Vos romans mélangent habilement le genre policier et historique. Quelles sont vos influences ?
    « Qui » sont mes influences plutôt. Pinter, Peter Cook, Gore Vidal, Flann O’Brien, Kosinki...Certainement aucun écrivain ne peut échapper à l’influence des géants du roman du XIXème siècle, Balzac et George Eliot. Je me précipite d’acheter les livres de deux écrivains contemporains : Jim Harrison et TC Boyle, mais mon travail n’est pas du tout comme le leur. En ce qui concerne Cook et Pinter, j’imagine qu’ils m’ont appris l’art du dialogue, tous les deux étaient de superbes créateurs de dialogues et de manières de parler… Vidal m’a appris comment me servir de l’histoire et de la politique ainsi qu’à ne jamais manquer une opportunité de passer à l’attaque. O’ Brien avait un talent pour l’absurde égal à celui d’Edward Lear, mais l’influence est subliminale.

 

Qu’auriez-vous envie de dire aux lecteurs qui ne connaissent pas encore vos romans ?
   Ne vous attendez pas à un roman policier classique.

 

Vous venez de participer au festival Quais du Polar à Lyon, qu’avez-vous pensé de cette expérience ?
    C'est l’un des meilleurs festivals auquel j’ai assisté. Il était tellement bien organisé. La moindre appréhension que j’ai eue concernant sa taille s’est vite dissipée. En réalité, je ne peux me plaindre que d’une chose : tout le monde m’a dit que la nourriture à Lyon serait excellente…Elle ne l’était pas ! J’amènerai des sandwiches et une banane à l’avenir.

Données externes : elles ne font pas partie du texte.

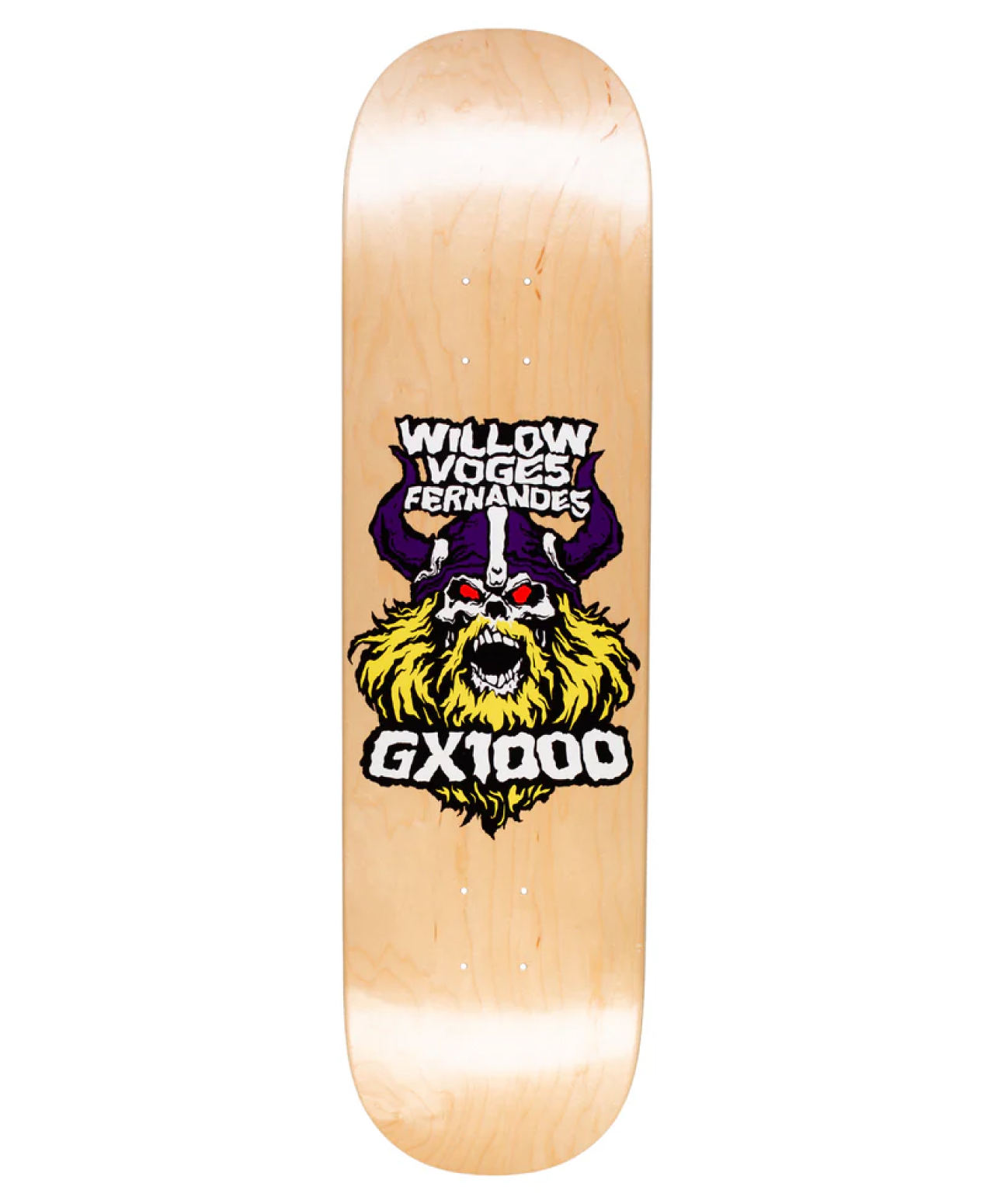 GX1000 VIKING WILLOW SKATE DECK NATURAL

Jamais avant je n’avais été dans un restaurant où les gens partaient sans avoir touché à leurs assiettes, mais c’est pourtant ce que certains d’entre nous ont fait.

 

Merci beaucoup John Lawton, nous vous laissons le mot de la fin.
    J’ai attendu tellement longtemps que mes romans soient disponibles en français que le simple fait de tenir un exemplaire de mon livre dans cette langue est merveilleux. Ma traductrice, Anne-Marie Carrière, est excellente. J’espère la rencontrer un jour.